Britt Airways was a United States airline established as Vercoa Air Service in 1964 and renamed to Britt Airlines when it was purchased by William and Marilyn Britt in 1975 later on Britt Airways. It was based in Terre Haute, Indiana until 1996 . It began as a  commuter airline. It primarily operated turboprop aircraft but also flew British Aircraft Corporation BAC One-Eleven twinjets as an independent air carrier at one point as well.  The airline evolved into a regional air carrier operating code share flights primarily for Continental Airlines.

History

In 1971 Britt Airways purchased a small fleet of Beechcraft 99 light turboprop airliners and by late 1975 these were operated under contract as Allegheny Commuter flights on behalf of Allegheny Airlines.  According to the October 29, 1978 Britt Airways system timetable, commuter flights for Allegheny were operated by Britt from the airline's small hub located at Chicago O'Hare Airport (ORD) with service to Bloomington, IN, Danville, IL, Indianapolis, IN, Muncie, IN and Terre Haute, IN.  In 1979, Britt was continuing to serve these aforementioned destinations as an Allegheny Commuter air carrier from Chicago and was also flying independently operated service to Bloomington, IL/Normal, IL, Champaign, IL/Urbana, IL, Evansville, IN, Galesburg, IL, Indianapolis, IN, Moline, IL, Peoria, IL, St. Louis, MO, Springfield, IL and Sterling, IL/Rock Falls, IL with flights primarily operated from Chicago O'Hare as well as an Indianapolis-Evansville-St. Louis route and an Indianapolis-Champaign/Urbana route.  All Allegheny Commuter as well as independently operated services were being flown with Beechcraft 99 and Swearingen Metroliner (Metro II model) turboprops at this time.  By 1980, the airline had expanded its hub operation at Chicago O'Hare with new service to Decatur, IL, Mattoon, IL/Charleston, IL, and South Bend, IN, and had also expanded its fleet with the addition of larger Fairchild Hiller FH-227 turboprops.

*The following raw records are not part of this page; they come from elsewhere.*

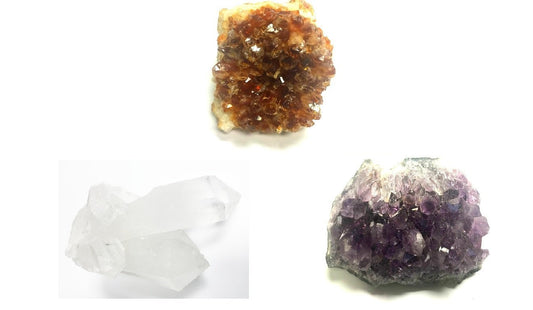 Zentron Crystal Collection: Raw Geode Druze Piece (4", Amethyst/Citrine/Quartz)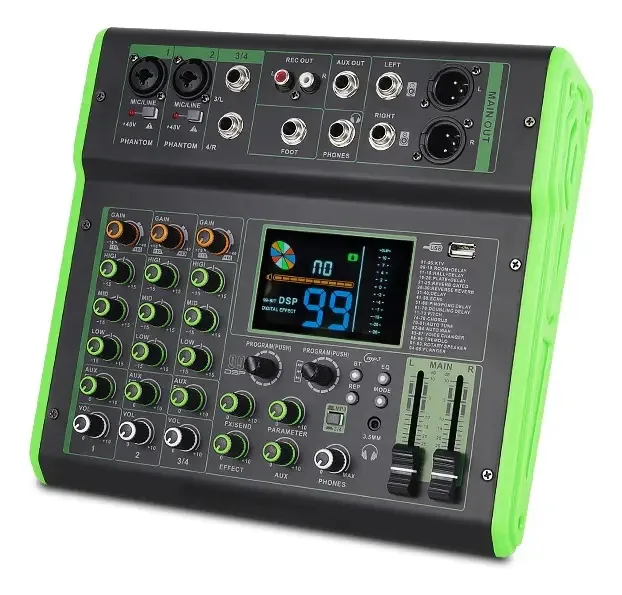 Vedo Professional Mesa De Som Digital 4 Canais Bluetooth Usb
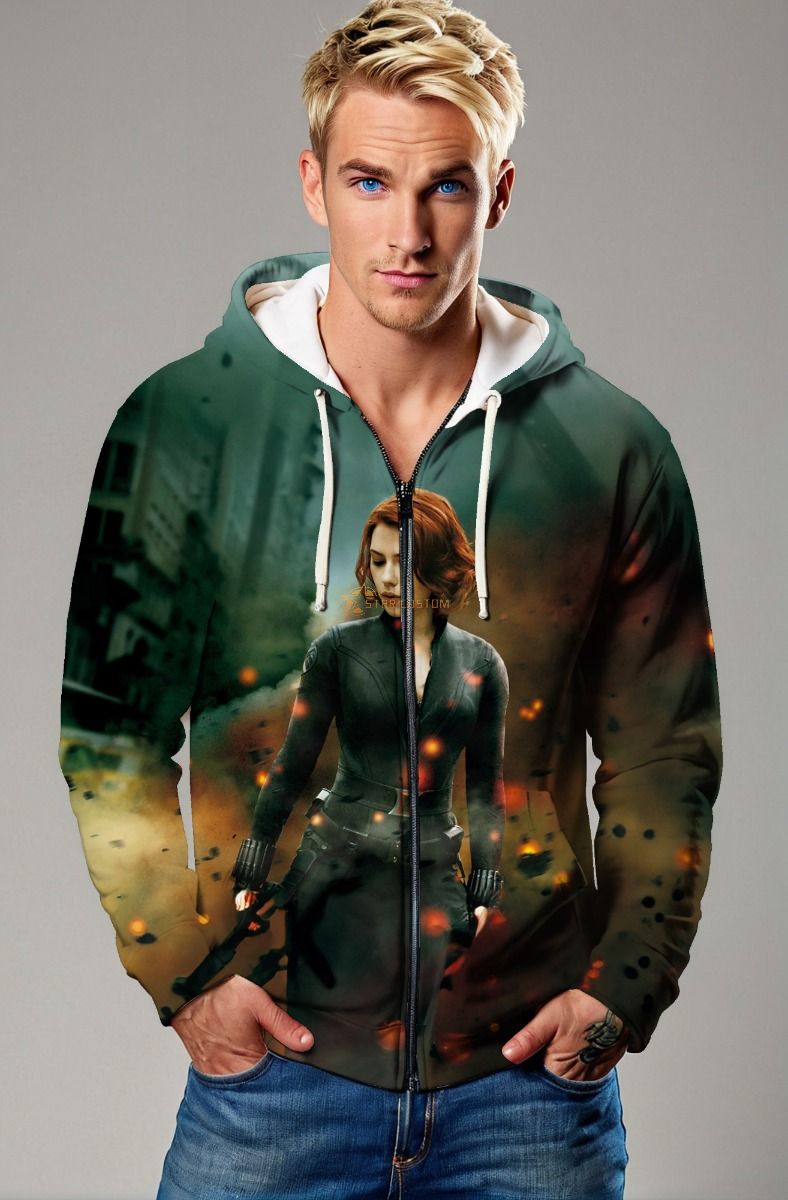 Dark Green Black Widow Zip‑Up Hoodie
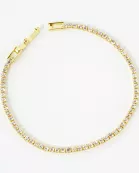 3mm Square Cubic-Zirconia 7-Inch Brass Tennis Bracelet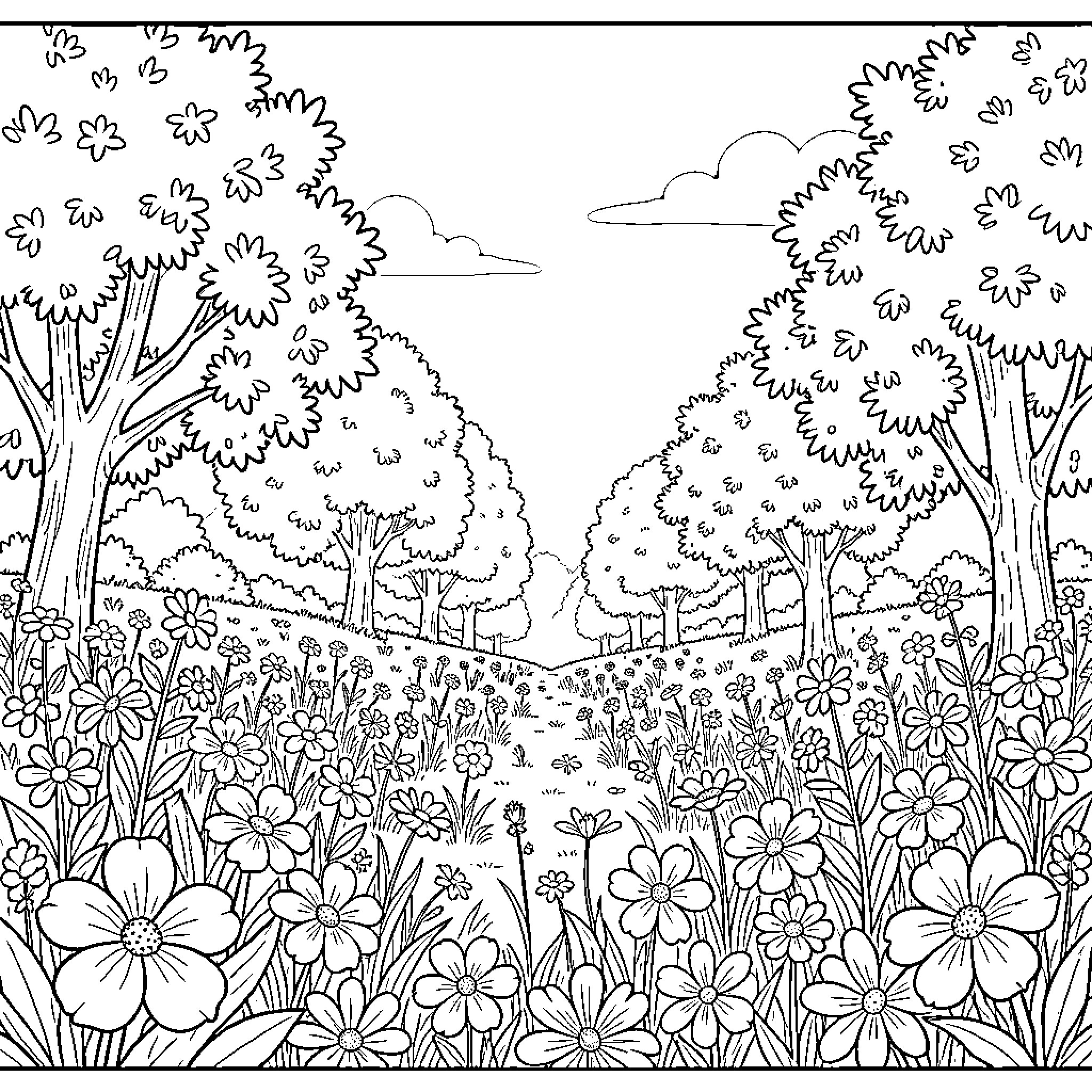 Summer Landscape with Blooming Flowers Coloring Page (free black-and-white line drawing printable PDF for all, from beginners to advanced learners, including children, teens, adults, and seniors)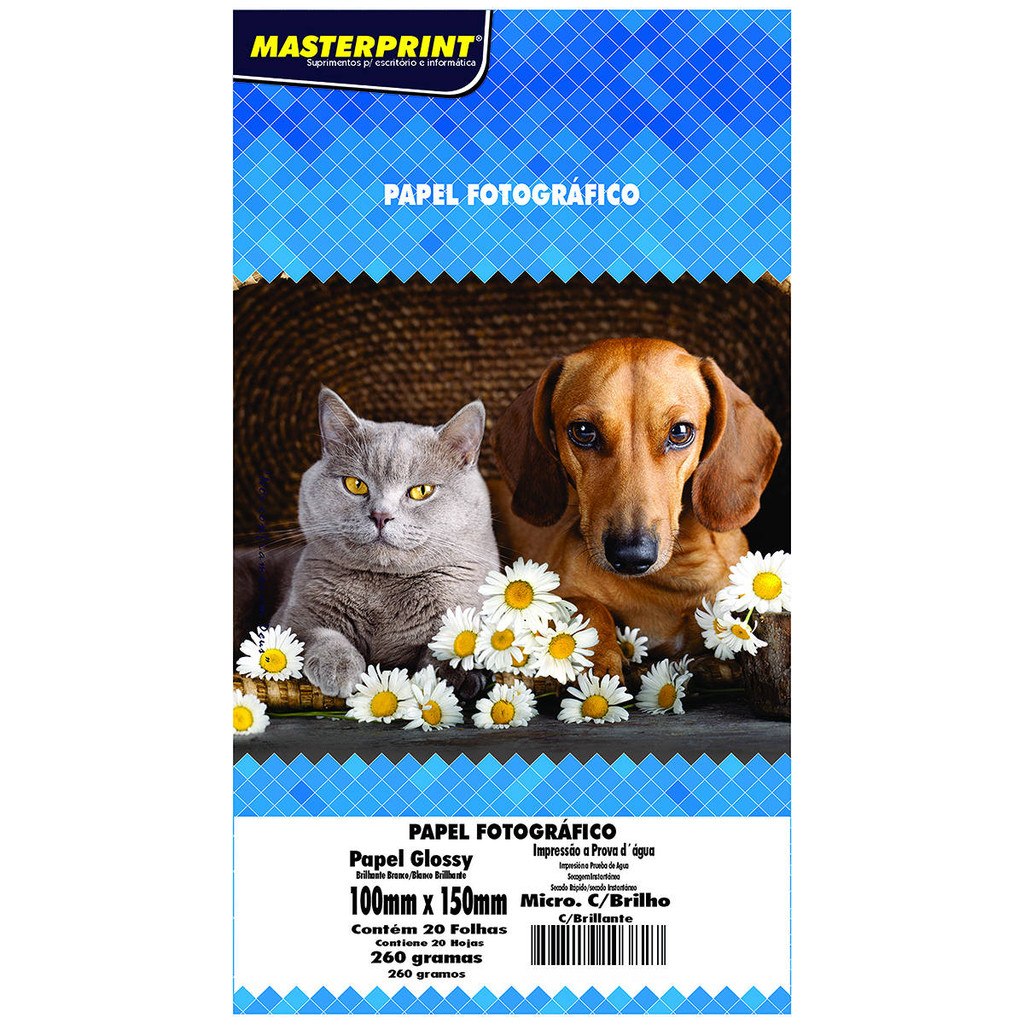 Papel Microporoso 10×15 com Brilho A6 260g Fotográfico Branco Masterprint com 20 Folhas
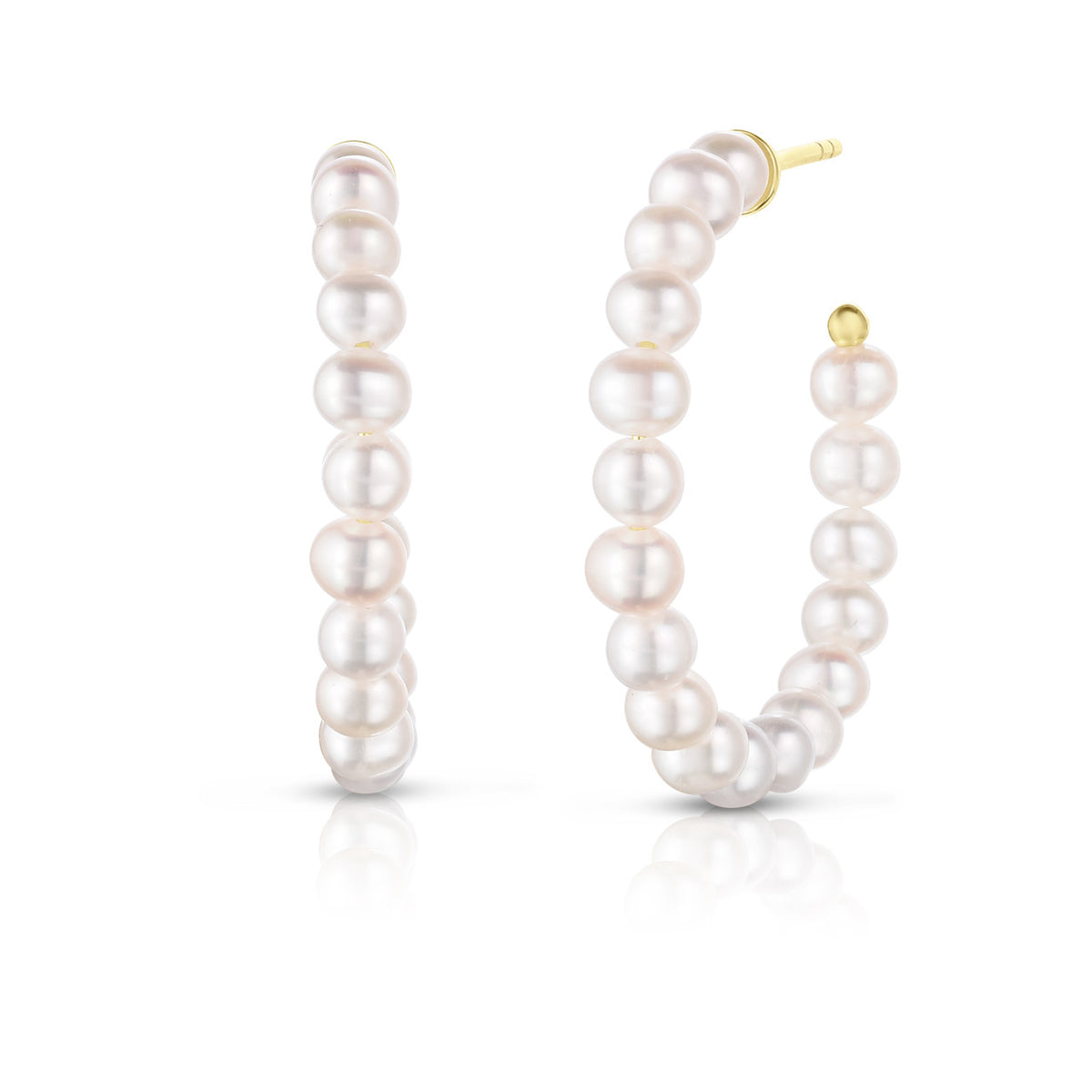 Freshwater Pearl Hoops, 14K Yellow Gold- URBAETIS Fine Jewelry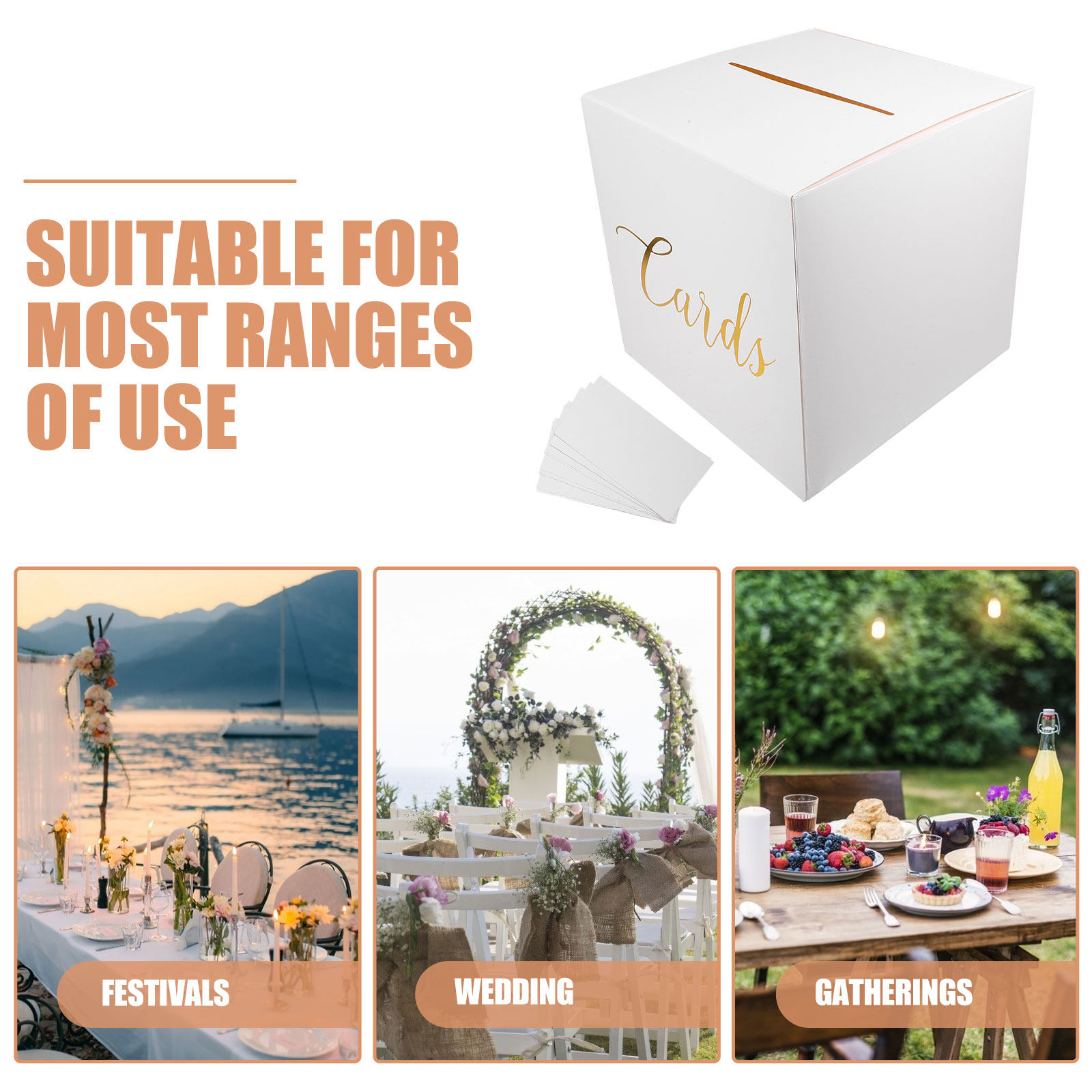 結婚式の通路装飾用、メッセージカードを収納できる白いカードボ - Wedding Card Box のレビューと価格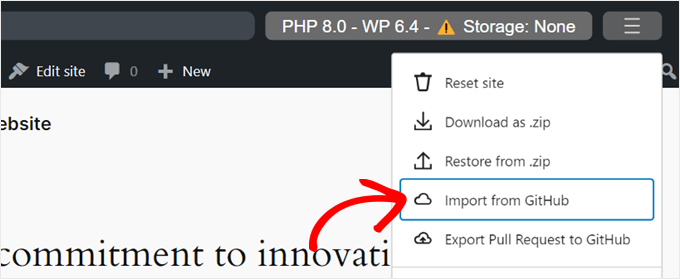 Importing a WordPress Playground instance from GitHub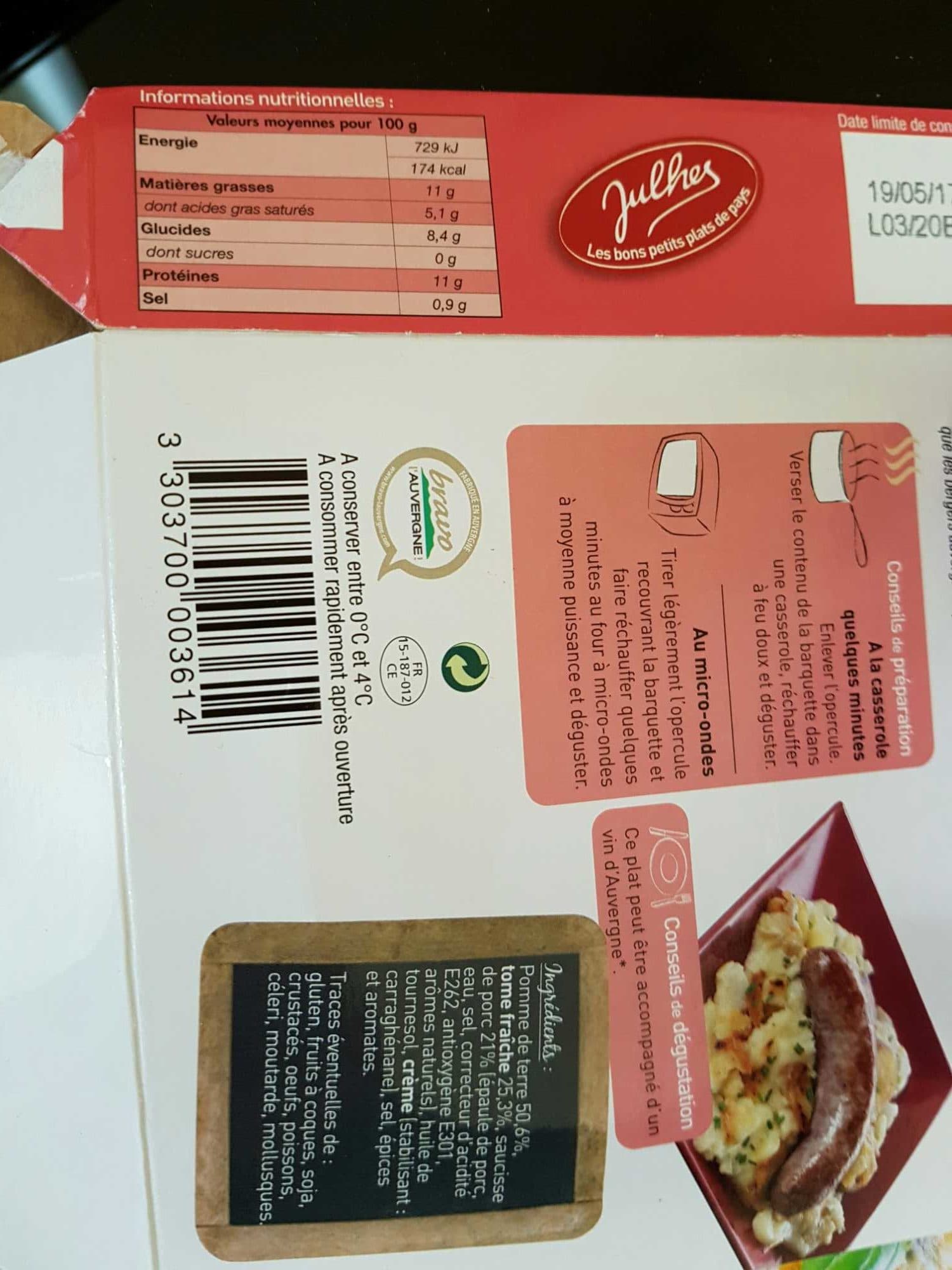 Julhes Saucisse d'Auvergne et sa truffade packshot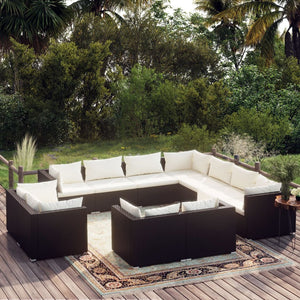 vidaXL 11-Piece Garden Lounge Set with Cushions Black Poly Rattan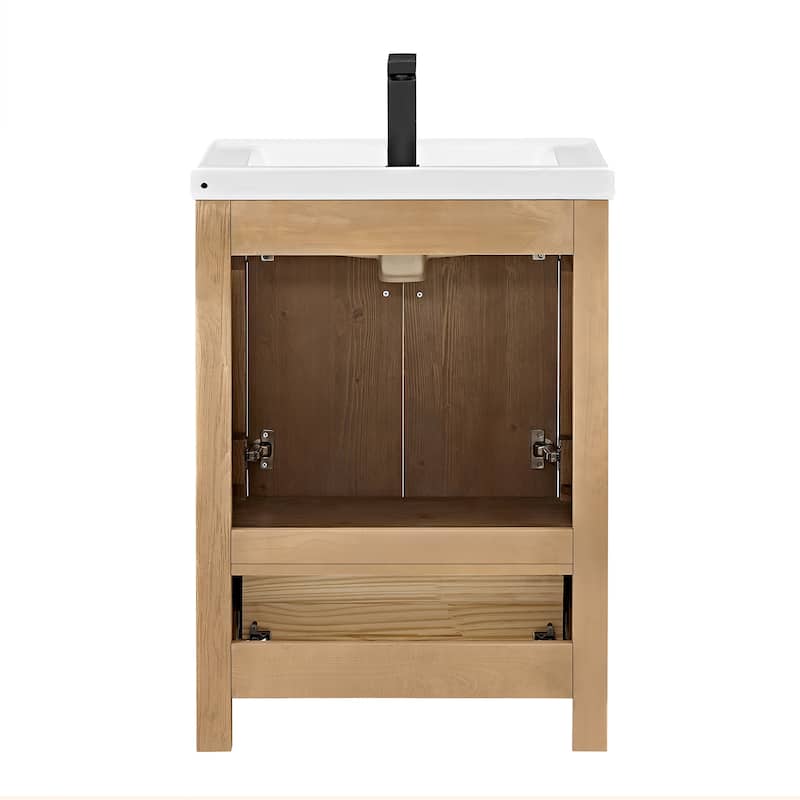 Bondi Bathroom Vanity in Light Brown with White Ceramic Drop-in Sink No Mirror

In 1981, Britt began operating as an independent air carrier from a major hub located at Chicago O'Hare Airport (ORD) and also from smaller hubs located at St. Louis Lambert International Airport (STL) and Indianapolis International Airport (IND).  By early 1985, the airline was operating jet service as an independent air carrier with British Aircraft Corporation BAC One-Eleven twin jets and was also continuing to fly Beechcraft 99, Fairchild Hiller FH-227 and Swearingen Metroliner (Metro II model) turboprops.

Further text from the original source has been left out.